I know it was a huge mistake to buy it but at the time it was the first computer I was building so I didn't know 1/10 of what I've learned so far. For now the 5830 does the job but with the editing and the streams it's quite insufficient and when I start working on summer vacations I'll probably get my hands on a better card so just wondering what would be a good choice for the price because the 6990 or the 5970 might be beast but they are way out of my budget  Not considering any nvidia just because imo asus motherboards have better synergy with ATI graphic cards+AMD processors


----------



## greenbrucelee (Apr 24, 2007)

well done.

I always run nvidia and asus boards and never have an issue.

There were often issues with amd CPUs and nvidia boards though.


----------



## backups (Apr 5, 2012)

yea asus has good synergy with every graphic card manufacturer. I love their motherboards and monitors. their laptops are terrible tough. they get hot rly quick and their performance isn't all that great.
Anyways from what I've seen there isn't much costing 200euros or less that would be a significant upgrade to my 5830. guess I'll have to aim a little higher to upgrade my graphics card.

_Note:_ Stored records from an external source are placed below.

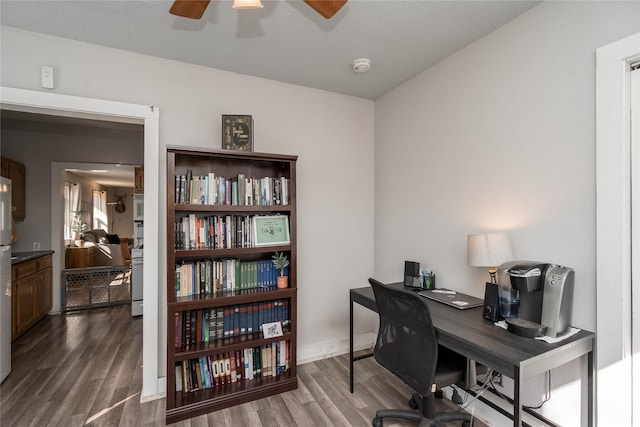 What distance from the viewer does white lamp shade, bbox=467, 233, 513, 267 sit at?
1.73 metres

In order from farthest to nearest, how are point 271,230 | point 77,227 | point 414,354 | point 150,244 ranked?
1. point 77,227
2. point 271,230
3. point 150,244
4. point 414,354

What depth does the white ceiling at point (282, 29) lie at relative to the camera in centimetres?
171

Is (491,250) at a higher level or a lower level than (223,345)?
higher

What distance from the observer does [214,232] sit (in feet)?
7.37

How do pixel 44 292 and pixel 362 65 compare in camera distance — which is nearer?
pixel 362 65

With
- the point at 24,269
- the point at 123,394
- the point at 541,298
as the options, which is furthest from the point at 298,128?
the point at 24,269

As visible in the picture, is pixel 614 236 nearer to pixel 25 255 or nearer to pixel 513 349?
pixel 513 349

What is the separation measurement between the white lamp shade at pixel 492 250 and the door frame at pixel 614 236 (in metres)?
0.40

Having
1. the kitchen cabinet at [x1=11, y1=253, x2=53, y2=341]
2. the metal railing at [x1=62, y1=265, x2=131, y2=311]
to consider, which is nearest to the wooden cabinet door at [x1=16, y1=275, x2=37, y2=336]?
the kitchen cabinet at [x1=11, y1=253, x2=53, y2=341]

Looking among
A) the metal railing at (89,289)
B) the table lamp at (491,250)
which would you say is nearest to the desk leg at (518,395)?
the table lamp at (491,250)

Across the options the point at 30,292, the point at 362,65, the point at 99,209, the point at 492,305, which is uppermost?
the point at 362,65

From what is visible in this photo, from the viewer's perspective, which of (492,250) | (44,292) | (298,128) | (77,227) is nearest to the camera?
(492,250)

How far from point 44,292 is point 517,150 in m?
5.34

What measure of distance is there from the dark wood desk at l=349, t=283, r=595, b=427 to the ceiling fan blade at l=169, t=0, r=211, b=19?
6.18ft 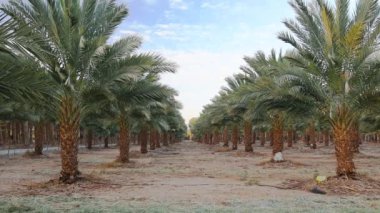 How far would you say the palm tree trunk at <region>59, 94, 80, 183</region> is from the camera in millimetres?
14577

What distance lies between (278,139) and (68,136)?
14247 millimetres

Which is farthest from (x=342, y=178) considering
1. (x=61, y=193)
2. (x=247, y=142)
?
(x=247, y=142)

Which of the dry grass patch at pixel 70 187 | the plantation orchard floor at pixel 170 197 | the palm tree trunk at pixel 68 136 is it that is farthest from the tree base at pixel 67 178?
the plantation orchard floor at pixel 170 197

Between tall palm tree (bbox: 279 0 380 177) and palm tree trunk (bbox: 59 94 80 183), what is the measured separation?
6825mm

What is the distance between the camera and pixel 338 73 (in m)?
14.1

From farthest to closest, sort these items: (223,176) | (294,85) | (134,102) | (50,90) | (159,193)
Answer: (134,102) → (223,176) → (294,85) → (159,193) → (50,90)

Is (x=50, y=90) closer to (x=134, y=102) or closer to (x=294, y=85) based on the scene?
(x=294, y=85)

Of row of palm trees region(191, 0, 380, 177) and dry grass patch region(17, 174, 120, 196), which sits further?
row of palm trees region(191, 0, 380, 177)

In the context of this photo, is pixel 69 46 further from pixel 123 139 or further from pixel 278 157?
pixel 278 157

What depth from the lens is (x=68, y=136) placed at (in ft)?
48.1

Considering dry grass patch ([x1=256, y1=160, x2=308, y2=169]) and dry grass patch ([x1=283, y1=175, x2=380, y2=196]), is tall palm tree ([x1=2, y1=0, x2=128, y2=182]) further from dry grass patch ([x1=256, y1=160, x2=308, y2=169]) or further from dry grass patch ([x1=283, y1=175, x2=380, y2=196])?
dry grass patch ([x1=256, y1=160, x2=308, y2=169])

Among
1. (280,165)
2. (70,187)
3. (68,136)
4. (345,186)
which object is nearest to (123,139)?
(280,165)

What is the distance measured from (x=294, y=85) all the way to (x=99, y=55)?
620 centimetres

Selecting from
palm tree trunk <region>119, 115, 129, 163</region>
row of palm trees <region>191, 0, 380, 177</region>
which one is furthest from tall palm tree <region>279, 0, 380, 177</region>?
palm tree trunk <region>119, 115, 129, 163</region> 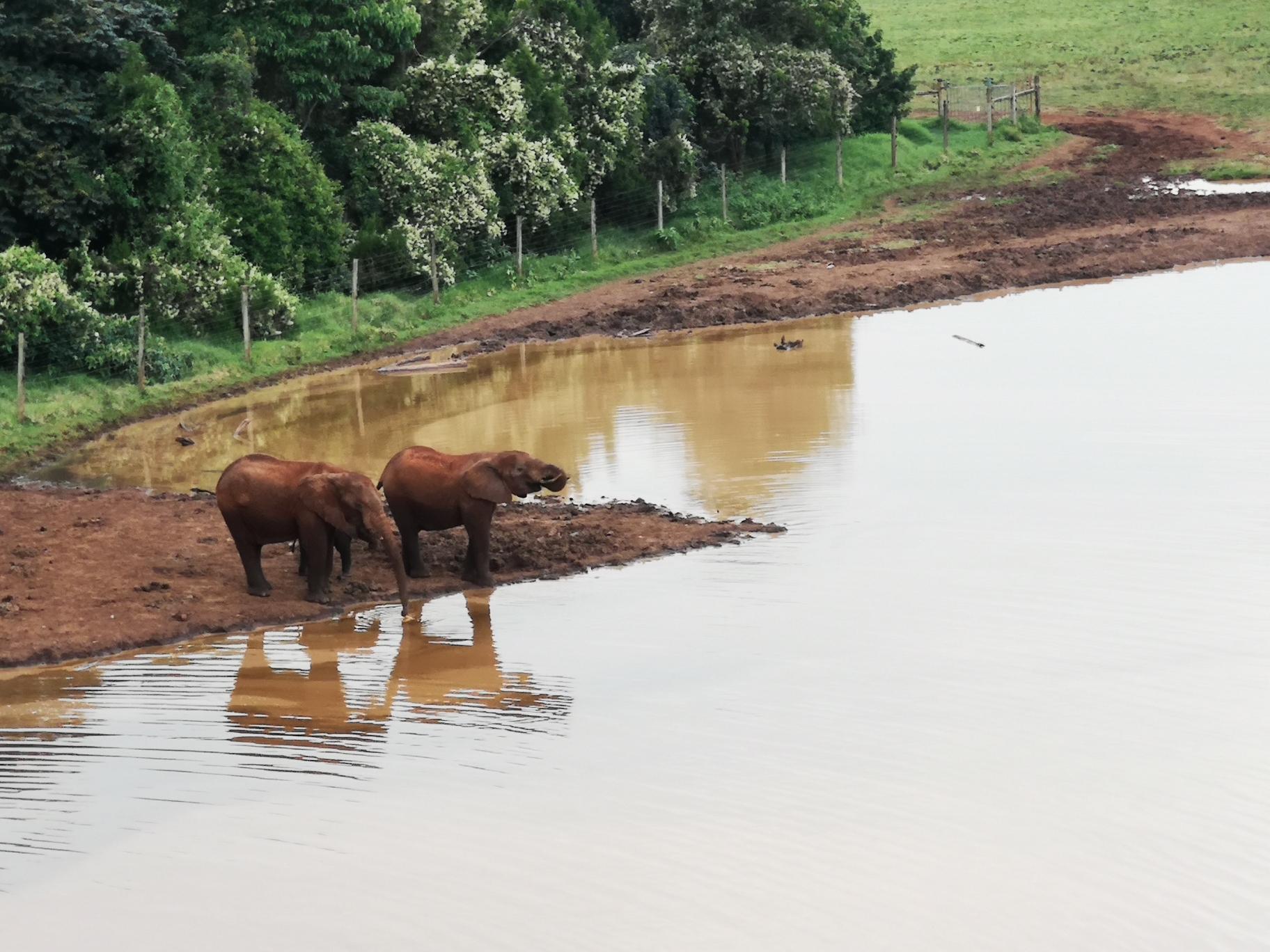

Also I've been wondering my power supply has 800w which for now is perfectly fine but I was wondering is there any sort of program where I can see the wattage I'm using? I also have in consideration that over time the power supply wattage has a slight reduction at least from what I've been reading. Just wanted to know if there was a program to have an idea on the comsumption of my computer at this time.


----------



## greenbrucelee (Apr 24, 2007)

The are not any programs to show how much you are using but if you go for a very high wattage and dont need it then efficiency drops.

Say for example you had a system with 8GB ram a couple of hard drives and a gtx560 then 650 - 750 watt would be ok but going for an 850 would caus ean efficiency drop.


----------